Pens like Parkers and Papermates know what’s expected of them, straight lines and curlicues, and printing to be proud of. But beware the writing instrument in “The Obstinate Pen,” by Frank W. Dormer. It has escapades hilarious, detailed in cartoon drawings by the former, Dormer.

Uncle Flood is delighted to get a new pen and unwraps it as his nephew Horace looks on. The pen stands respectfully at attention. Imagine Flood’s shock when he puts pen to paper and instead of writing “The following story is all true,” the pen writes, “You have a big nose.” Uncle Flood tosses the pen out the window, where it bounces off the ear of a policeman.

So begins a madcap caper with the pen passing from hand to hand, each owner receiving insults from an indiscriminate roller-ball with a mind of its own. In the end, we realize the pen isn’t really such a bad apple. It just has a different goal in mind for its ink — doesn’t mean to raise a stink.

‘Paul Bunyan and Baby the Blue Ox, the Great Pancake Adventure,’

by Matt Luckhurst

Pass the Aunt Jemima’s! You’ll flip over “Paul Bunyan and Babe the Blue Ox, the Great Pancake Adventure,” by Matt Luckhurst.

Most of you know the story of super-sized Paul and his sidekick Babe, an ox the size of a covered wagon. But did you know the pair were impassioned about pancakes. They could stomach hundreds at a sitting.

Growing boys need better nourishment, Paul’s mom said. When Mom took to preaching about greens, broccoli and the like, Paul and Babe vamoosed in search of sweeter pancake pastures.

They scored in the deep, dark woods. A truck loaded with flour turned over next to a creek, dumping the white stuff into the water, making a gooey-thick stream of endless batter that got baked in the hot sun.

This was the first of Paul and Babe’s lucky days as they scoured the countryside, from east to west, making pancake pigs of themselves.
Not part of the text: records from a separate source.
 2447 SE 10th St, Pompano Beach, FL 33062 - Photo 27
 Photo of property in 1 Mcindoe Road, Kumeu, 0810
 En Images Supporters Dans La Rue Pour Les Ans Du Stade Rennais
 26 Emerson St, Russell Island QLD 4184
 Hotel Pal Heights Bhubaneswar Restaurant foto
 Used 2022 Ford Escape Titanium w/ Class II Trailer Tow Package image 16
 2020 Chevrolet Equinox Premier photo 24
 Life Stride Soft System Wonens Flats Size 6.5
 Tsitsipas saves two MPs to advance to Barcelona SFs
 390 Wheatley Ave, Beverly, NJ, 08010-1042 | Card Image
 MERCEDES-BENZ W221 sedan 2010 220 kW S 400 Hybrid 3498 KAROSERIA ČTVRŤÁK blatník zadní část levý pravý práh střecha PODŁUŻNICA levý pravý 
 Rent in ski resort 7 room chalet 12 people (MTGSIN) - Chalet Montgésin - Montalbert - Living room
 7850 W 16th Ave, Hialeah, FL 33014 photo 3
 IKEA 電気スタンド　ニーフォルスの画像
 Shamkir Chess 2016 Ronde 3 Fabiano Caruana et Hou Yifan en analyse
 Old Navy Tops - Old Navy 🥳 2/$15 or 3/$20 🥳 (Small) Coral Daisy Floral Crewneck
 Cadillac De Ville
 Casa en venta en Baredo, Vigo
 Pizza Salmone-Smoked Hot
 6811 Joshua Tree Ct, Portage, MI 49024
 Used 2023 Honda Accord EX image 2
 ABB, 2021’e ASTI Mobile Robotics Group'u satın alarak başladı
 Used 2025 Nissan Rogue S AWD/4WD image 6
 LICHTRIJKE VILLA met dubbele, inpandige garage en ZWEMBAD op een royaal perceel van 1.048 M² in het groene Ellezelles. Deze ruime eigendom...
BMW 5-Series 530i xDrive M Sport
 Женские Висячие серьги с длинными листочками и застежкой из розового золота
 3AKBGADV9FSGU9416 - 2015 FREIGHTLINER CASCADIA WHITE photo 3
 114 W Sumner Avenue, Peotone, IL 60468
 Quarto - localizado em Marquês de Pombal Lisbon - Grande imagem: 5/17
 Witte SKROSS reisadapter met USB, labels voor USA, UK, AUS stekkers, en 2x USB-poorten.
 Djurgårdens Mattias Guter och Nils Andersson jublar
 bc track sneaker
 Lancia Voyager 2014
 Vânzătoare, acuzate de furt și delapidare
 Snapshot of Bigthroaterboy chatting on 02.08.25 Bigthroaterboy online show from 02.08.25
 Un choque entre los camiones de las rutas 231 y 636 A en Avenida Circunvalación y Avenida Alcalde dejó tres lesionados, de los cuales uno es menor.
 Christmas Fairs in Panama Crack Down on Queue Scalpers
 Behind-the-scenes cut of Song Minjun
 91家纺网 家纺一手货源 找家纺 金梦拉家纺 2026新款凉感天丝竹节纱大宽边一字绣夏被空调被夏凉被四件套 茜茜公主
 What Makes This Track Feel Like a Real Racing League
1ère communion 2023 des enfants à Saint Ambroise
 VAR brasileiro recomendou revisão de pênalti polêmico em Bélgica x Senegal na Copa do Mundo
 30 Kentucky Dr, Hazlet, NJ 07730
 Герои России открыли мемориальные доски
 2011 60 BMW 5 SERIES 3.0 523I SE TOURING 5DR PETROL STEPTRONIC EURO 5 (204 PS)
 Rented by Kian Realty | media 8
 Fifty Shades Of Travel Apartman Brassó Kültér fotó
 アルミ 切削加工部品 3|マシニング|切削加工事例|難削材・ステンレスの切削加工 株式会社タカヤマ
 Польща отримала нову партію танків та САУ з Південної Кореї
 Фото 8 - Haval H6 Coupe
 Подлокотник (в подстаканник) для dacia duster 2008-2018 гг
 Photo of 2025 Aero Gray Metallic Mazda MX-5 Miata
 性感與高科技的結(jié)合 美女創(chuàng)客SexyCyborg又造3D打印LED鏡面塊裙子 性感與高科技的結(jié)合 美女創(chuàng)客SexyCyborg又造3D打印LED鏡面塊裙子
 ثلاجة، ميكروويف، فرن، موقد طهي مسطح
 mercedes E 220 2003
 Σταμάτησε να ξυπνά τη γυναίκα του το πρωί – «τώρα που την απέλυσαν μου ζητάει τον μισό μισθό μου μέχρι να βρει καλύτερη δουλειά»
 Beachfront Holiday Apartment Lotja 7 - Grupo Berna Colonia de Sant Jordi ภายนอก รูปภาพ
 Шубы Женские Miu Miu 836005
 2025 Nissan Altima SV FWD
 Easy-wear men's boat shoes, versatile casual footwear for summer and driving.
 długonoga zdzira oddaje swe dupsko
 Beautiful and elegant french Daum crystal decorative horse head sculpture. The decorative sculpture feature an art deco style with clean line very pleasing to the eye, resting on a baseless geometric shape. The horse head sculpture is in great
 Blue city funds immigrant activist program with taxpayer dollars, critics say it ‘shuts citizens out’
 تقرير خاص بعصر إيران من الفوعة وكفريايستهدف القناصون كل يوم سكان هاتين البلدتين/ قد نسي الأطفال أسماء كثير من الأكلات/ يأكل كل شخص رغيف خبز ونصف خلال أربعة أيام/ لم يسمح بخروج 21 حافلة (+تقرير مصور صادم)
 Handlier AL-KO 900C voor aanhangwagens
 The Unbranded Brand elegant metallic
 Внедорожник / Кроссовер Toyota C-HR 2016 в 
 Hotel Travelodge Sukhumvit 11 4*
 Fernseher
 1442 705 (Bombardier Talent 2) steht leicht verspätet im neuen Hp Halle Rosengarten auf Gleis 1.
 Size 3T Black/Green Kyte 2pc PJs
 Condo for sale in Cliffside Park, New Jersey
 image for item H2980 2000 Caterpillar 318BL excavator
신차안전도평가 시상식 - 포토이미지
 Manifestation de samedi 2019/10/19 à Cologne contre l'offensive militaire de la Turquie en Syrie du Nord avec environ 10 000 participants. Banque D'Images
Alas, all good things must come to an end — even a tall stack in this fun book with fanciful folk art illustrations.

‘Liar & Spy’

by Rebecca Stead

Things aren’t at all what they seem in “Liar & Spy,” an unsettling, yet heartwarming, book by Rebecca Stead that doesn’t reveal all until the last 20 pages.

Georges, a sixth-grader, is made fun of because of his name. He isn’t much of an athlete, has lost his best friend to the popular group and is adjusting to life in a new apartment because his dad has lost his job. Georges could have benefited from having his mother around, but she’s, it seems, working double shifts at the hospital to make up for the family’s lost income.

When Georges sees a note in the basement of the apartment house about a spy club meeting, his father encourages him to join. That’s how Georges becomes friends with Safer, the only member of the club. Safer is highly intelligent, observant, weird and mysterious. The homeschooled boy is just Georges’ age, a self-taught-spy sure that the Mr. X, the man in Apartment 4 is up to no good. It doesn’t take Safer long to drag Georges into his web of espionage.

In actuality, both Safer and Georges wear an armor of denial to keep reality at bay. When Safer’s cover is blown all is revealed, leaving readers in breathless wonder at the pure and simple genius of this touching, highly original read.